I am not quite sure if I am using the correct formula. The problem is -A class of 30 students(12 male and 18 female) are put into groups of 3. How many combinations can be formed if the requirement is that no group can be entirely male or female? I get 4060 since it doesn't matter the order except it can't be the entire amount. Is that correct? That is the part I get stumped on.

I did not answer yesterday, because I wanted to see what you may find.

It is must more complicated that it appears. There are called unordered partitions.

A set of thirty people can be divided into three subset of ten each in $\dfrac{30!}{6(10!)^3}=925166131890$ ways.
Now that counts many many single-sex groupings.

There $\binom{12}{10}\dfrac{20!}{4(10!)^2}$ to have at least one all male group.

There $\binom{18}{10}\dfrac{20!}{4(10!)^2}$ to have at least one all female group.
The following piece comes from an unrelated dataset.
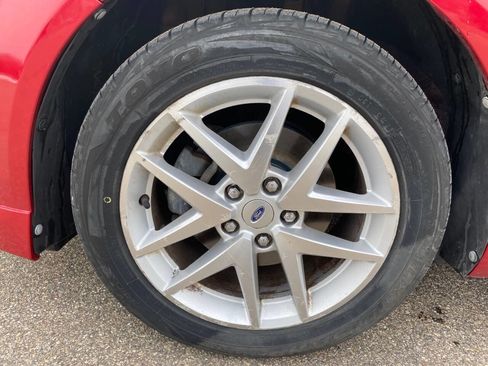 Used 2012 Ford Fusion SEL image 9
There $\binom{12}{10} \binom{18}{10}$ to have two single-sex groups.

So to answer this whole question:
$\dfrac{30!}{6(10!)^3}-\binom{12}{10}\dfrac{20!}{4(10!)^2}-\binom{18}{10}\dfrac{20!}{4(10!)^2}+\binom{12}{10} \binom{18}{10}$

 

[Jameson]

Thank you for posting, Plato. I see now how I misinterpreted the problem. It's not the number of ways to choose 1 group of 3, but 10 groups of 3.

 

[Plato2]

Thank you for posting, Plato. I see now how I misinterpreted the problem. It's not the number of ways to choose 1 group of 3, but 10 groups of 3.

I don't know which it is. I was working off your reply. If it is ten groups of thee then my reply is wrong. The total there is $\dfrac{30!}{(3!)^{10}(10!)}=1208883745669600000$.
That really complicates the question, because there could be many more same-sex groups. Using inclusion/exclusion there is a nightmare.

 

[Jameson]

I don't know which it is. I was working off your reply. If it is ten groups of thee then my reply is wrong. The total there is $\dfrac{30!}{(3!)^{10}(10!)}=1208883745669600000$.
That really complicates the question, because there could be many more same-sex groups. Using inclusion/exclusion there is a nightmare.

I don't follow your other reply at all then. If you the situation where you have 30 objects and want to find the number of ways to arrange 3 objects you can make from the 30, that is simply \(\displaystyle \binom{30}{3}\). I broke my previous reply into the 2F+1M and 2M+1F cases to account for the restriction that you can't have 3M or 3F groups. Due to this restriction the answer should be less than \(\displaystyle \binom{30}{3}\) it seems to me.

A set of thirty people can be divided into three subset of ten each in $\dfrac{30!}{6(10!)^3}=925166131890$ ways.

The part in bold makes me think that your reply was yet another interpretation. It appears to be breaking into 3 groups of 10.

So it could be 1 group 3, 3 groups of 10 or 10 groups of 3. I still kind of lean towards the first interpretation since the OP is just beginning to study combinatorics.

 

[Plato2]

The part in bold makes me think that your reply was yet another interpretation. It appears to be breaking into 3 groups of 10.
So it could be 1 group 3, 3 groups of 10 or 10 groups of 3. I still kind of lean towards the first interpretation since the OP is just beginning to study combinatorics.

Three groups of ten each is doable. That is what I thought it meant, particularly at this level. Even tough unordered partitions are advanced.

BUT ten groups of three each is almost impossible at this level with the restrictions.
Here are some combinations. Because we cannot two females in each group.
We cannot have one male in each group. Thus working out all possible combinations is a nightmare. Then the possible over-counts can be many.

Experience tells me that the three group question was intended.